- Official name: Puwa Khola-1 Hydropower Project
- Country: Nepal
- Location: Ilam District
- Coordinates: 26°55′02″N 87°55′00″E﻿ / ﻿26.91722°N 87.91667°E
- Purpose: Power
- Status: Operational
- Owner: Puwa Khola - 1 Hydropower Pvt. Ltd

Dam and spillways
- Type of dam: Gravity
- Impounds: Puwa River

Power Station
- Commission date: 2074-06-23 BS
- Type: Run-of-the-river
- Installed capacity: 4 MW

= Puwa Khola-1 Hydropower Station =

Puwa Khola-1 Hydropower Station (Nepali: पुवा खोला जलविद्युत आयोजना) is a run-of-river hydro-electric plant located in Ilam District of Nepal. The flow from Puwa River, a tributary of Mai River is used to generate 4 MW electricity.

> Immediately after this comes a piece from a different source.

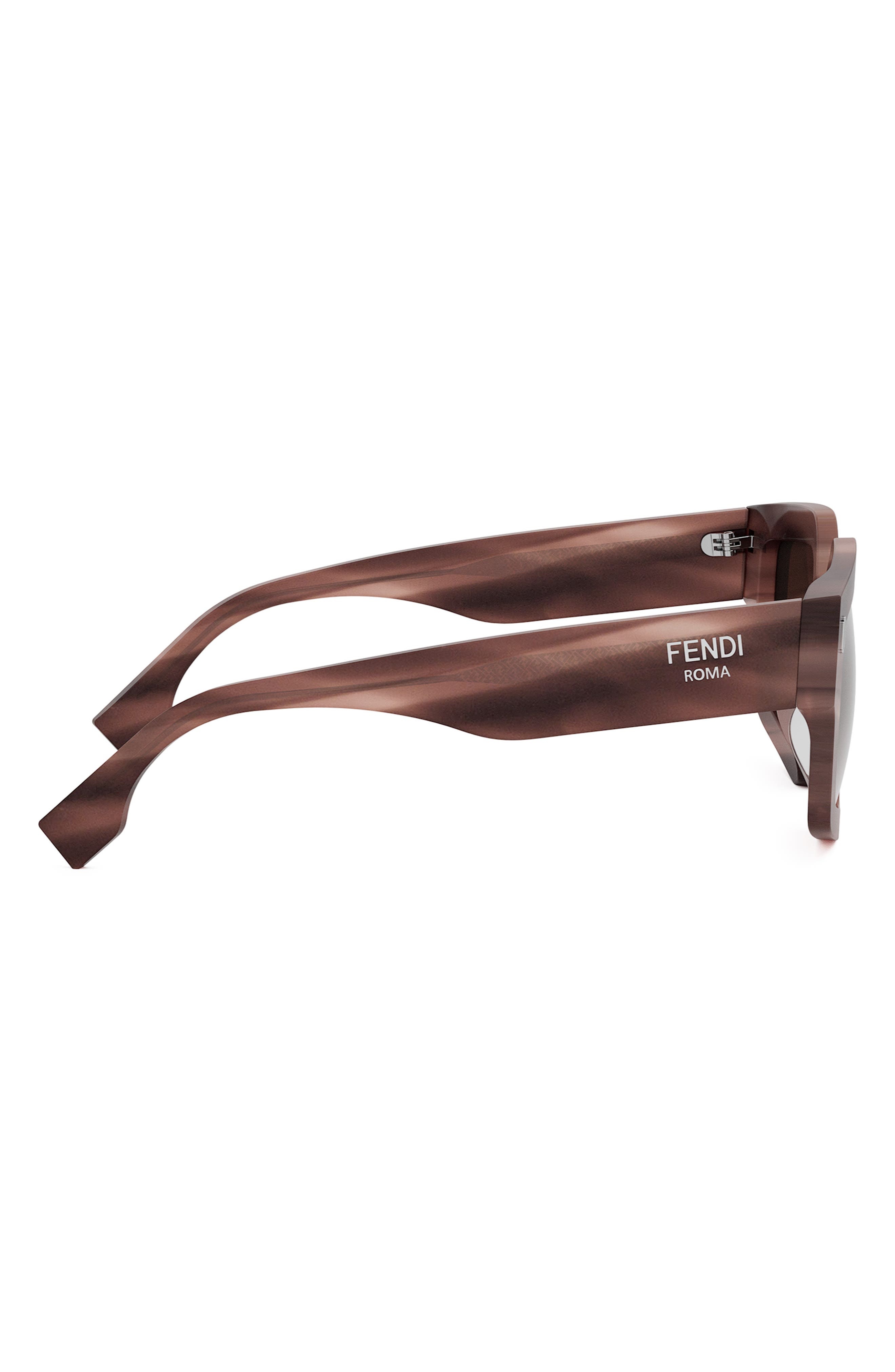Fendi Roma 52mm Square Sunglasses in Pink /Other /Gradient Brown at Nordstrom - 3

The plant is owned and developed by Puwa Khola - 1 Hydropower Pvt. Ltd, an IPP of Nepal. The plant started generating electricity from 2074-06-23BS. The generation licence will expire in 2105-06-20 BS, after which the plant will be handed over to the government. The power station is connected to the national grid and the electricity is sold to Nepal Electricity Authority.